I saw Star Wars as a kid – all three movies in a row – and because I
was a kid that early impression of the trio still stands in my memory
as a monolithic classic of film, important and perfect. This even
though every time I go back and watch the movies I notice more
instances of slapstick, lame attempts at humor, and overreliance on
muppetry. Especially in Return of the Jedi.
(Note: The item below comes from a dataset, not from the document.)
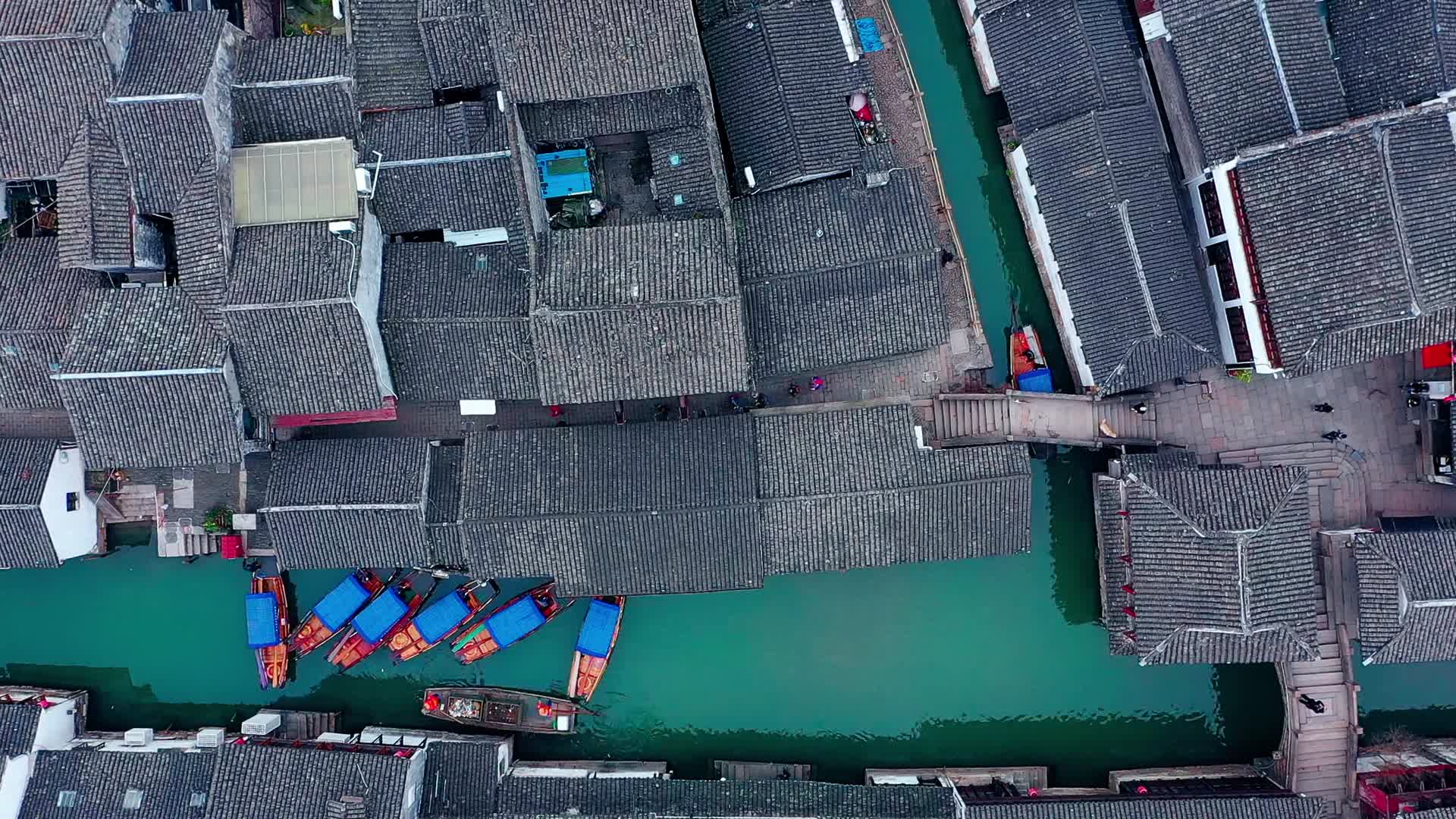 航拍古镇的水道视频的预览图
It’s as if a children’s movie and a grown up movie are running
simultaneously. As a kid viewer, I loved these movies because I
somehow blocked out the kids’ part and became immersed in the part
with grown up heroes doing important stuff. And when I go back and
rewatch, the juvenile tonedeaf elements clash painfully with my
idealized memory version.
For instance, the ewoks. The ewoks are so lame! This movie has so
much that’s beautiful and true… I mean, in a sci-fi way. Try
watching that last scene on the new Death Star and not feeling a
little emotionally affected, I dare you. His father remembers his
humanity and saves his only son from his mentor and emperor! And
DIES! And meanwhile a bucktoothed muppet is piloting a crude hang
glider made out of sticks and vines and bonking a storm trooper on the
head with, like, a coconut. And you can tell it’s a little dude in a
fake fur onesie.
The first movie’s celebration climax is a ceremony, and the rogue
heroes’ sly grins at each other are the only crack in the joyful
gravity of the scene. And then the entire trilogy ends with a teddy
bear party. The Jedi ghosts appear, accompanied by the haunting
strains of the “Jub jub!” song. Come on.
Basically, in this movie you can see the bits of pointless humor and
juvenile character building that would grow into the likes of Jar Jar
Binks and that guy who’s basically a Jediproof bug. Why did I ever
watch the new Star Wars? Here’s a tip, kids: only watch the parts of
this franchise that appear on VHS tape.